Problem to work on ▸ In the listing below, find the line with "Glass Galileo Thermometer" and copy every line from there up to and including the line with "manteau femme beige a capuche", exactly and without pictures.

Records for the exercise ▸
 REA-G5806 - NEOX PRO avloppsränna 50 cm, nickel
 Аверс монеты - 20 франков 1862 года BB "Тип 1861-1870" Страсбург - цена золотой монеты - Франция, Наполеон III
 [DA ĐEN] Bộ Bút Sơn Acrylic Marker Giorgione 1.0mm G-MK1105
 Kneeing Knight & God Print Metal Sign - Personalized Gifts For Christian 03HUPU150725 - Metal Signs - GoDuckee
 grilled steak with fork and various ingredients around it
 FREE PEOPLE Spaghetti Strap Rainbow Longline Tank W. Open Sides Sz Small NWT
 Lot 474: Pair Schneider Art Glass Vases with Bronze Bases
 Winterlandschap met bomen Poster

...

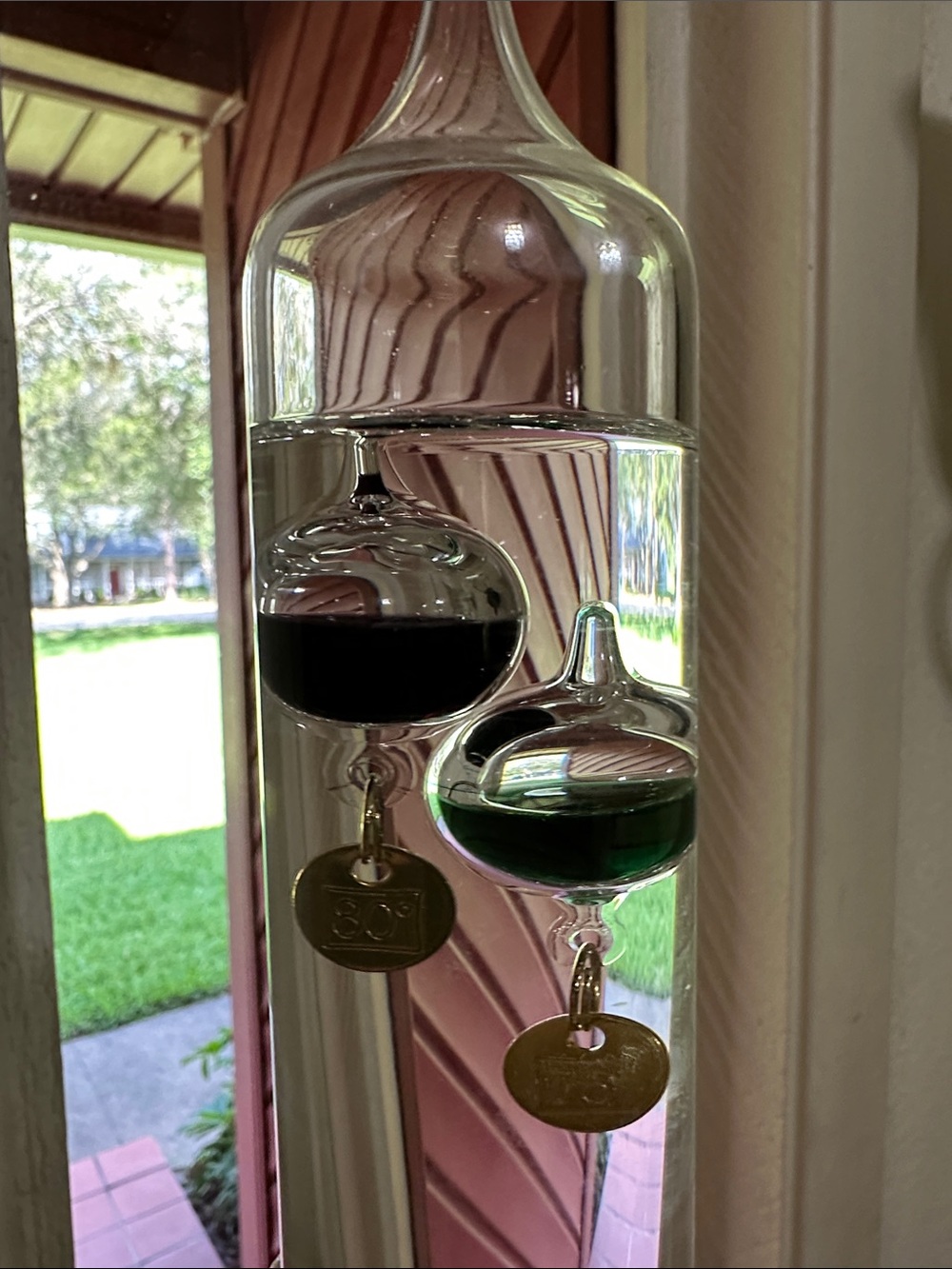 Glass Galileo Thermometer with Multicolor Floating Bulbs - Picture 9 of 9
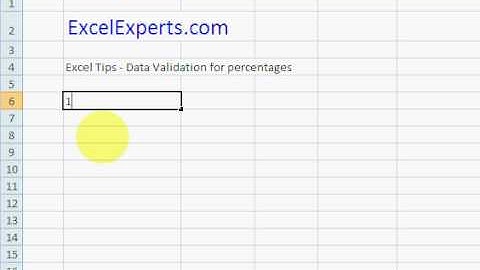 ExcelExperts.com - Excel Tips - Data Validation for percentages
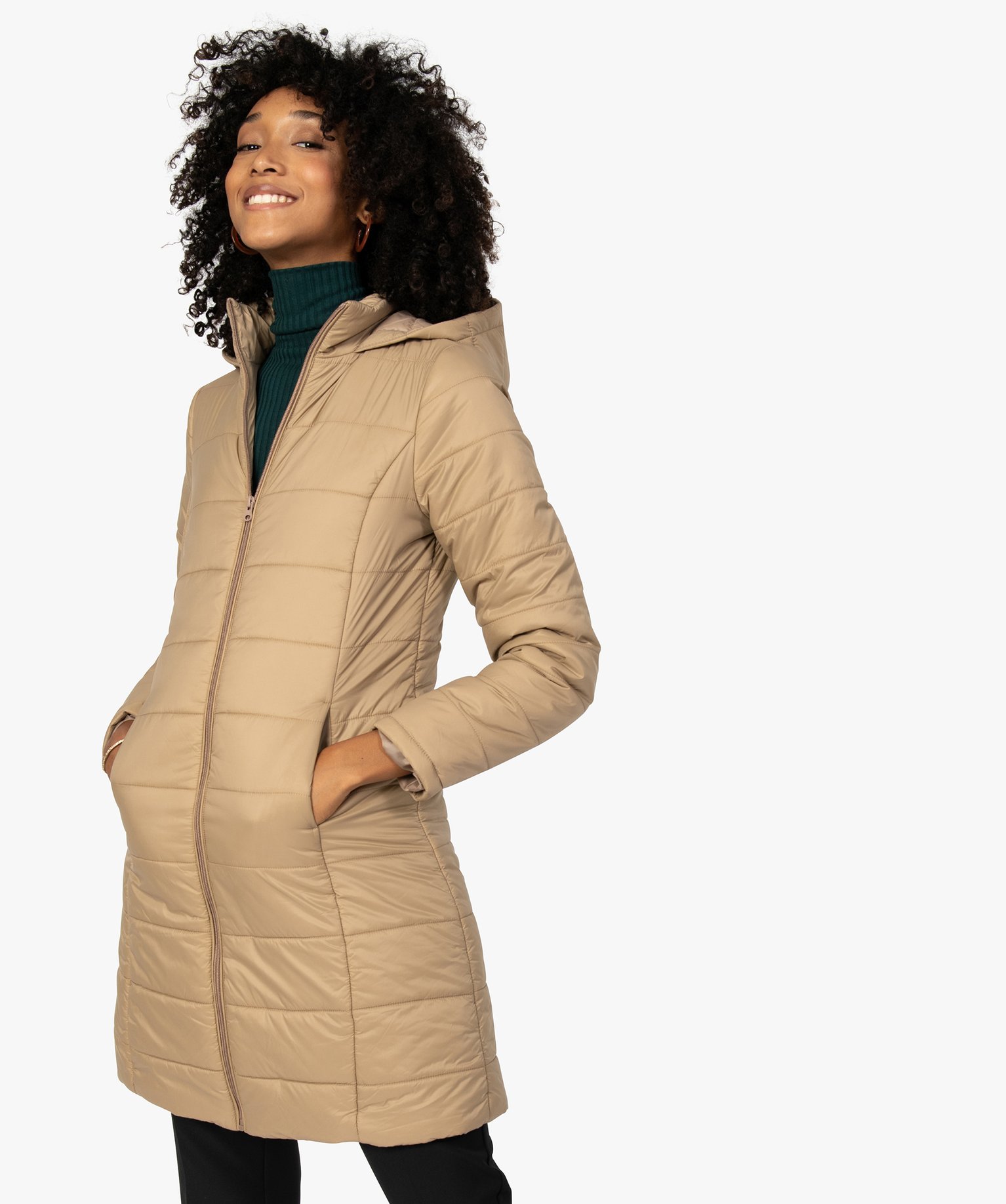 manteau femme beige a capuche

Output ▸
 Glass Galileo Thermometer with Multicolor Floating Bulbs - Picture 9 of 9
 ExcelExperts.com - Excel Tips - Data Validation for percentages
 manteau femme beige a capuche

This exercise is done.